»»
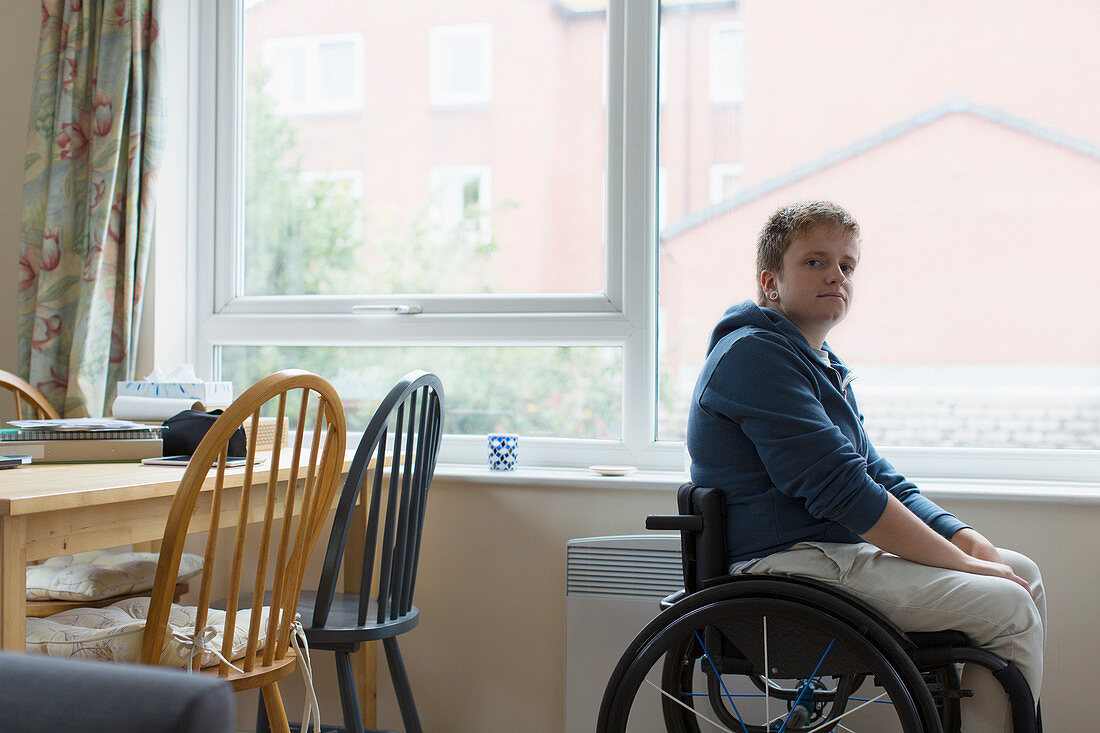 Portrait woman sitting in wheelchair at window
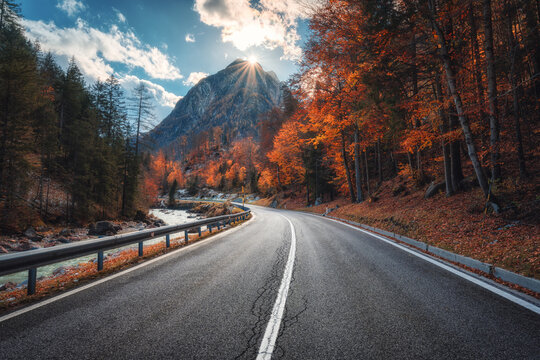 Winding mountain road at sunset in autumn. Alps, Italy. Beautiful curved alpine road, snowy rocks, trees, red leaves, blue sky with clouds. Colorful landscape with empty road on mountain pass in fall - Powered by Adobe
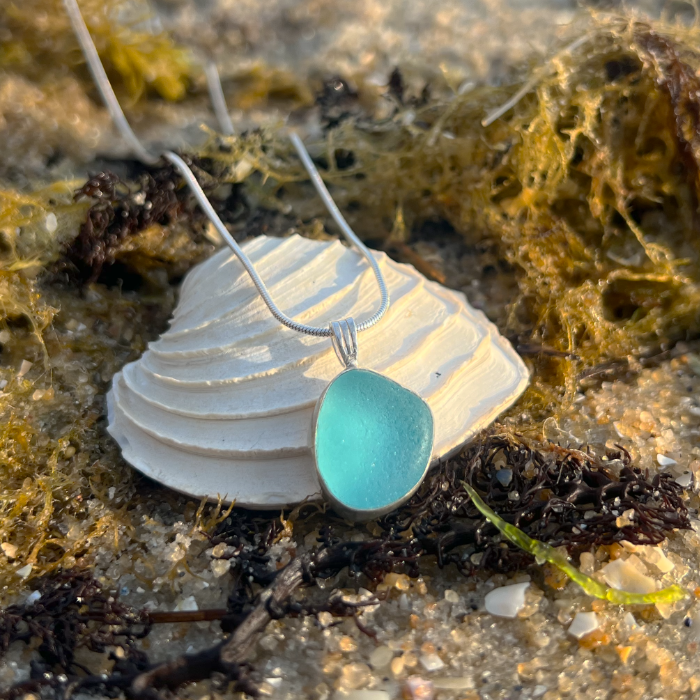 Blue sea glass set in silver pendant by Mornington Sea Glass. Hangs on a 40 or 45cm sterling silver snake chain.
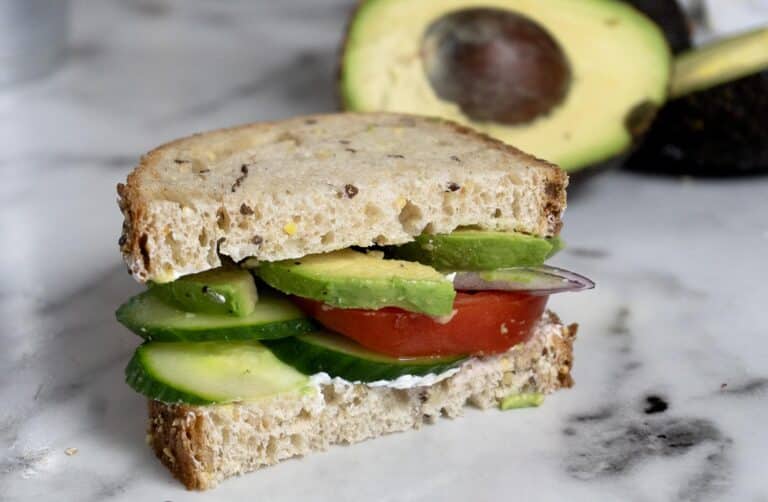 A sandwich with whole grain bread, cucumber slices, tomato, red onion, avocado, and a spread, sits on a marble surface. A halved avocado is in the background.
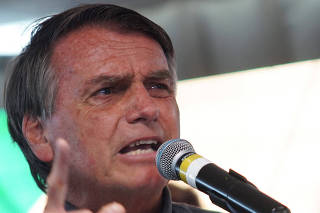 Brazil's President and candidate for re-election Jair Bolsonaro attends a news conference during a campaign rally in Recife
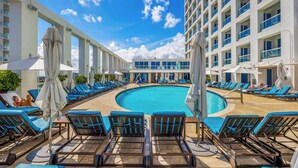 A rooftop pool area with blue lounge chairs and umbrellas, surrounded by a modern building with balconies. - Holiday Waves: Oceanview Charm at Central Beach (Fort Lauderdale)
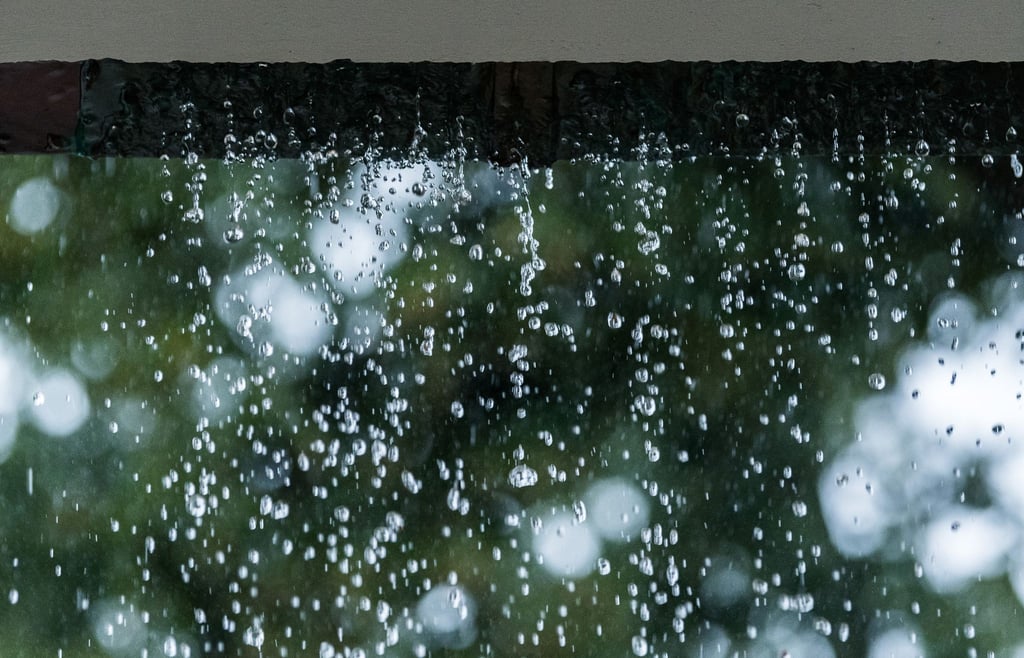 Statt zum Abfluss schießt das Regenwasser während eines Unwetters an einer verstopften Regenrinne hinunter und sucht sich seinen Weg.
««
Task: The pictures stay out; everything else in the records above must be repeated exactly.

Written answer:
 Portrait woman sitting in wheelchair at window
 Winding mountain road at sunset in autumn. Alps, Italy. Beautiful curved alpine road, snowy rocks, trees, red leaves, blue sky with clouds. Colorful landscape with empty road on mountain pass in fall - Powered by Adobe
 Blue sea glass set in silver pendant by Mornington Sea Glass. Hangs on a 40 or 45cm sterling silver snake chain.
 A sandwich with whole grain bread, cucumber slices, tomato, red onion, avocado, and a spread, sits on a marble surface. A halved avocado is in the background.
 Brazil's President and candidate for re-election Jair Bolsonaro attends a news conference during a campaign rally in Recife
 A rooftop pool area with blue lounge chairs and umbrellas, surrounded by a modern building with balconies. - Holiday Waves: Oceanview Charm at Central Beach (Fort Lauderdale)
 Statt zum Abfluss schießt das Regenwasser während eines Unwetters an einer verstopften Regenrinne hinunter und sucht sich seinen Weg.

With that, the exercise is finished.